Certainly, for such a minuscule output, the country’s film industry has had some surprising success stories in the international arena – directors like Vincent Ward of The Navigator: A Mediaeval Odyssey (1988) and What Dreams May Come (1988), Peter Jackson of The Lord of the Rings fame, Lee Tamahori of Die Another Day (2002), Jane Campion who made The Piano (1993) and In the Cut (2003), Martin Campbell who made GoldenEye (1995) and Casino Royale (2006), and actors such as Russell Crowe, Lucy Lawless, Kerry Fox, Anna Paquin, Temuera Morrison, Keisha Castle-Hughes, Karl Urban and the late Bruno Lawrence.
Of course, Sleeping Dogs introduced two major talents that would go onto great success internationally – actor Sam Neill in his first screen performance and director Roger Donaldson (see below for his other credits). It was NZ’s second ever science-fiction film – the first feature-length one – with that distinction being held by the now lost A Message from Mars (1903).

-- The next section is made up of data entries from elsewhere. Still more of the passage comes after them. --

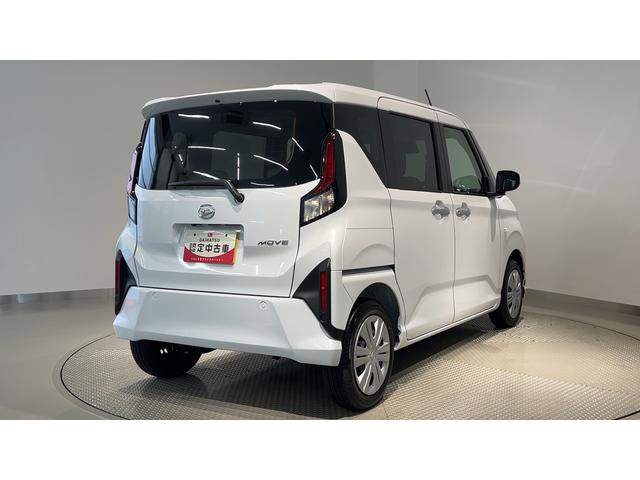 ムーヴXダイハツ認定中古車lCVTlLEDヘッドライトl片側電動スライドドアlキーフリーシステムlプッシュボタンスタートllコーナーセンサーl電動格納ドアミラーlスマートアシストl保証/整備付(茨城県)の中古車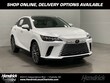  LEXUS RX 350h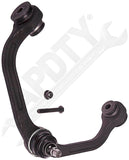 APDTY 149553 Control Arm and Ball Joint Assembly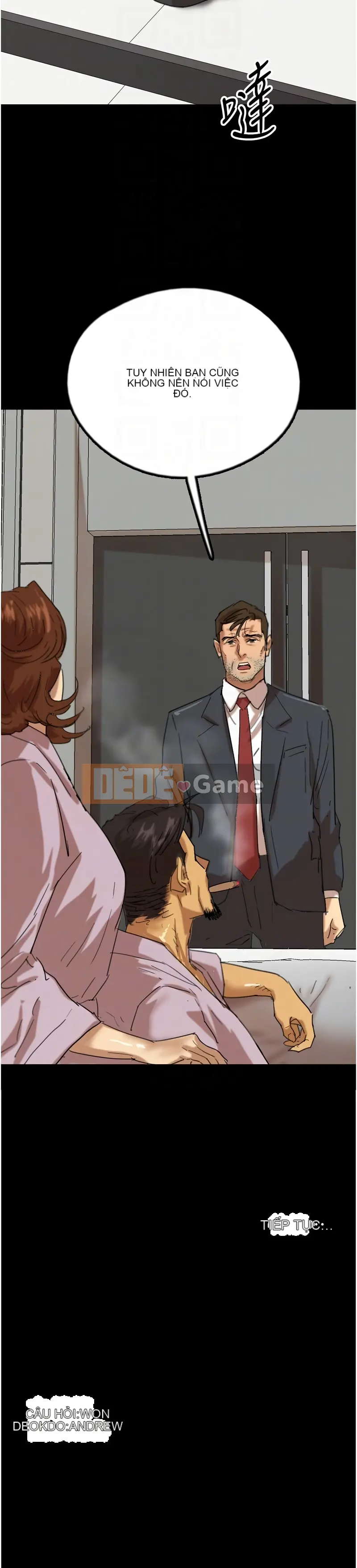 Con gái của cha nuôi Chương 77-78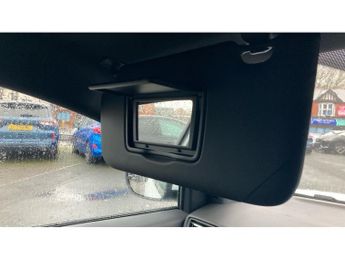 Ford Focus 1.0 EcoBoost Hybrid mHEV 155 ST-Line 5dr Auto Petrol Estate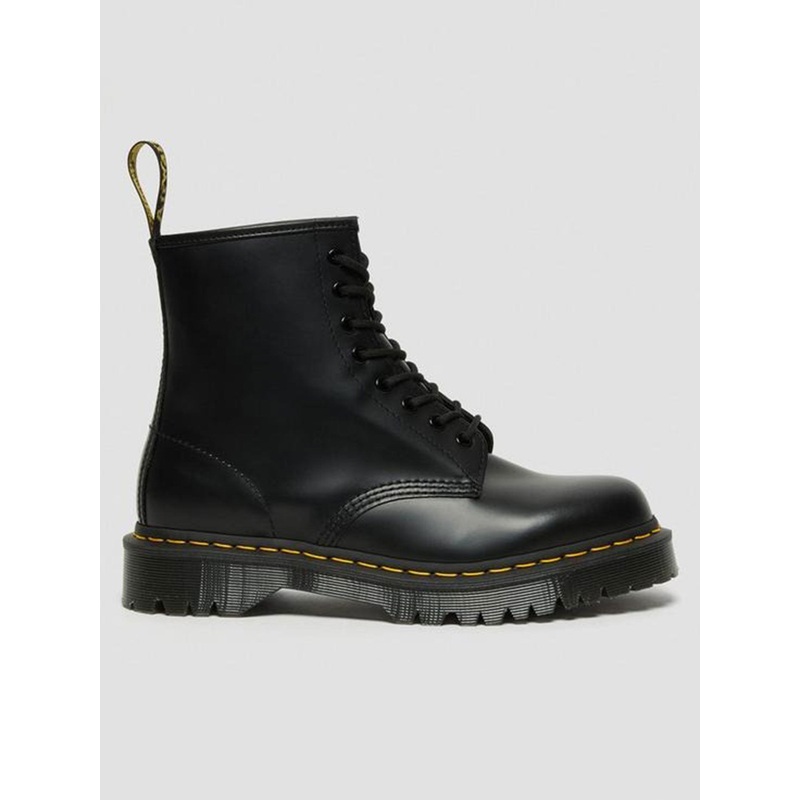 1460 Bex Smooth Black Boots 05/W06 BLACK
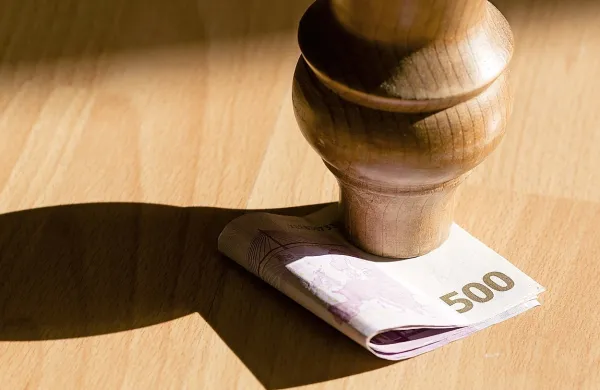 Raziskava: Skoraj 60 odstotkov Hrvatov proti uvedbi evra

Sleeping Dogs was the cornerstone of the New Zealand film industry. It is hard to believe in the same year that also produced Star Wars (1977) that the total output of New Zealand feature films up to that point could be counted on one hand and a couple of fingers. As Sam Neill points out in his excellent documentary Cinema of Unease: A Personal Journey by Sam Neill (1995), the New Zealand cultural image was (and to a large extent still is) determined by foreign influences, first as colony of England and mostly through the overwhelming prevalence of American films and television. As Neill notes, it was strange going to local cinema screens when he was growing up and seeing only international faces and accents reflected back.
With Sleeping Dogs, all of that changed. Sleeping Dogs was the first film to be a major home-made Kiwi success. It saw a local director relentlessly incorporating international styles of filmmaking. Most importantly though, it was local accents and locales being seen up on screen. The success of Sleeping Dogs directly led to the setting up of the New Zealand Film Commission the same year – a government-funded body that both finances local filmmaking and acts as an international sales agent.
The success that Sleeping Dogs had was in the shock image of the country it reflected back. To such a placid and dull country as New Zealand, where police today still don’t carry guns and the national crime rate barely runs above half-a-dozen murders a year, the sense for audiences in 1977 in seeing all of that overrun by the imagery of fascism – helmeted riot squads beating up mobs with batons in the street, i.d. cards for citizens, armed resistance movements, arrest without due process – must have had an electrifying shock effect. The film’s world is a nightmare that is very peculiar to New Zealand in the late 1970s – one in which the country is rent by union strikes, Mideast oil shortages and petrol rationing (this was the infamous era of government induced Carless Days in an attempt to cut petrol consumption). A further sense of immediacy, that this really was happening, is reinforced by the image of Dougal Stevenson as a newsreader on tv screens, a role that Stevenson also conducted in real life on the then sole nightly news broadcast on one of the country’s two tv channels.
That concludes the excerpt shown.